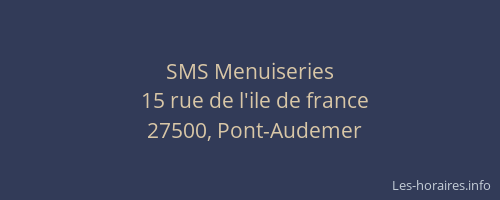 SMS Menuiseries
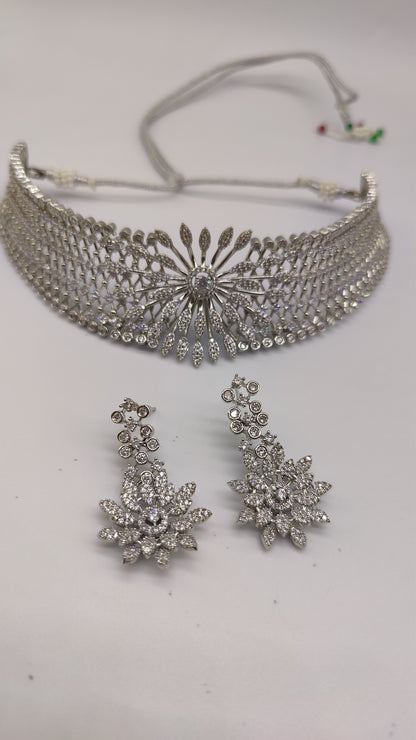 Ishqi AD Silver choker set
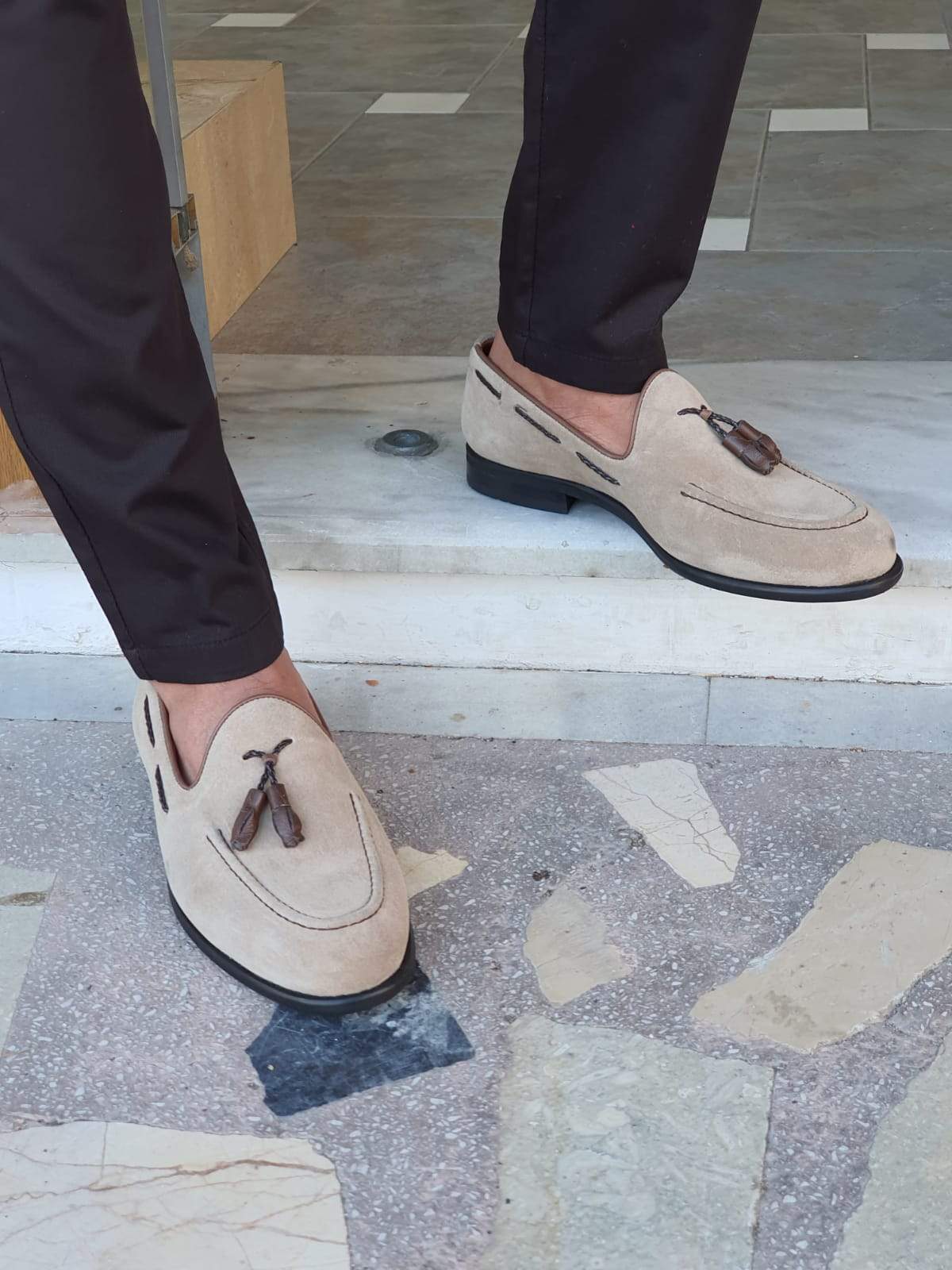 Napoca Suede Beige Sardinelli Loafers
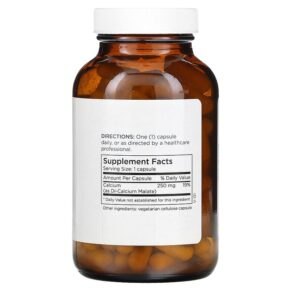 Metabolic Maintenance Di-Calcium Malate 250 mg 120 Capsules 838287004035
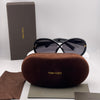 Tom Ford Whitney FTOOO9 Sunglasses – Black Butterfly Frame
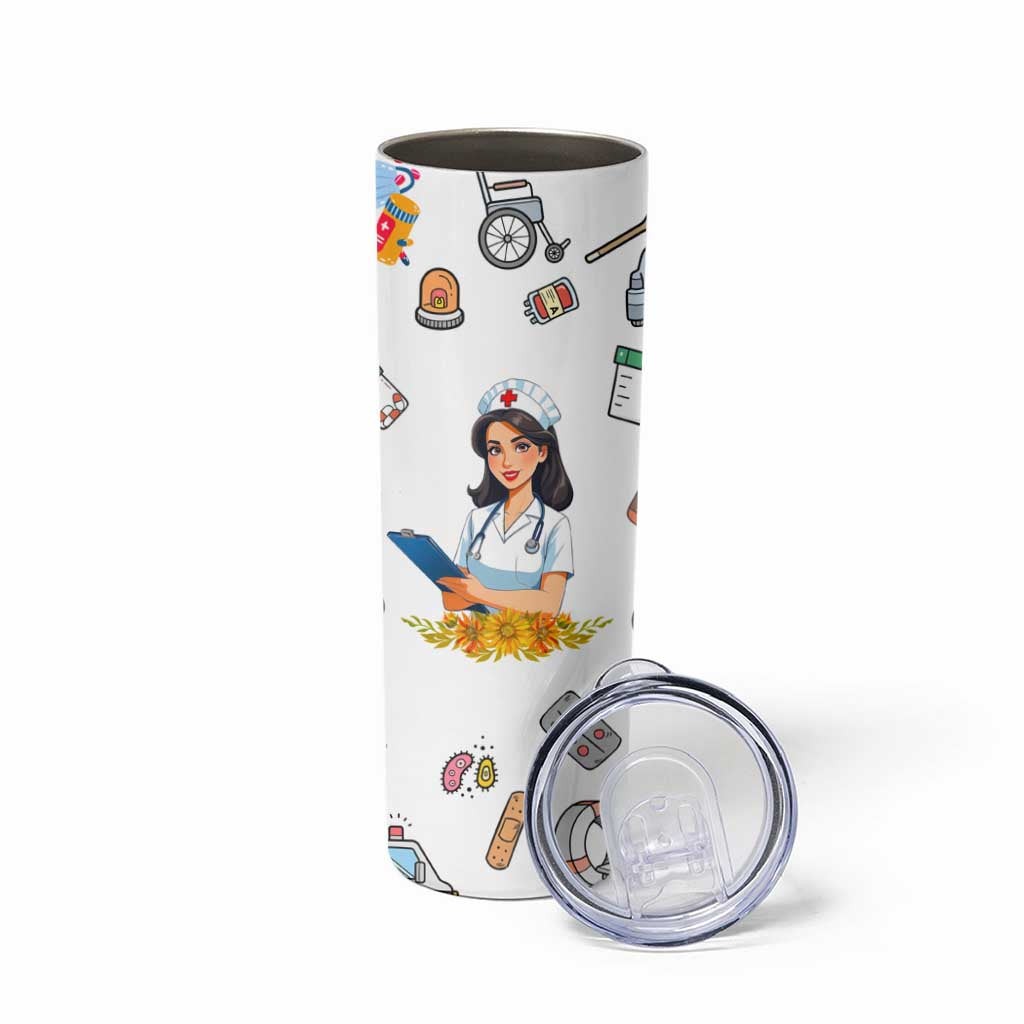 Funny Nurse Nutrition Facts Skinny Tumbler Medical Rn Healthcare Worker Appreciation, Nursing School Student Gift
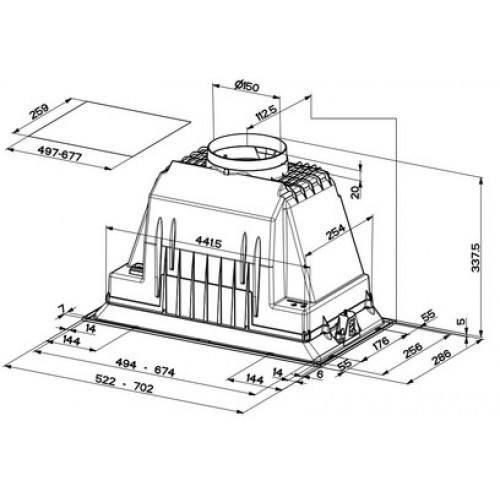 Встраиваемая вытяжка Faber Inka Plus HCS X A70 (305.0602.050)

- _EXERCISE_
Give the data above again exactly. Leave the pictures out.

- _FINISHED EXERCISE_
 SMS Menuiseries
 Ishqi AD Silver choker set
 Napoca Suede Beige Sardinelli Loafers
 Metabolic Maintenance Di-Calcium Malate 250 mg 120 Capsules 838287004035
 Tom Ford Whitney FTOOO9 Sunglasses – Black Butterfly Frame
 Funny Nurse Nutrition Facts Skinny Tumbler Medical Rn Healthcare Worker Appreciation, Nursing School Student Gift
 Встраиваемая вытяжка Faber Inka Plus HCS X A70 (305.0602.050)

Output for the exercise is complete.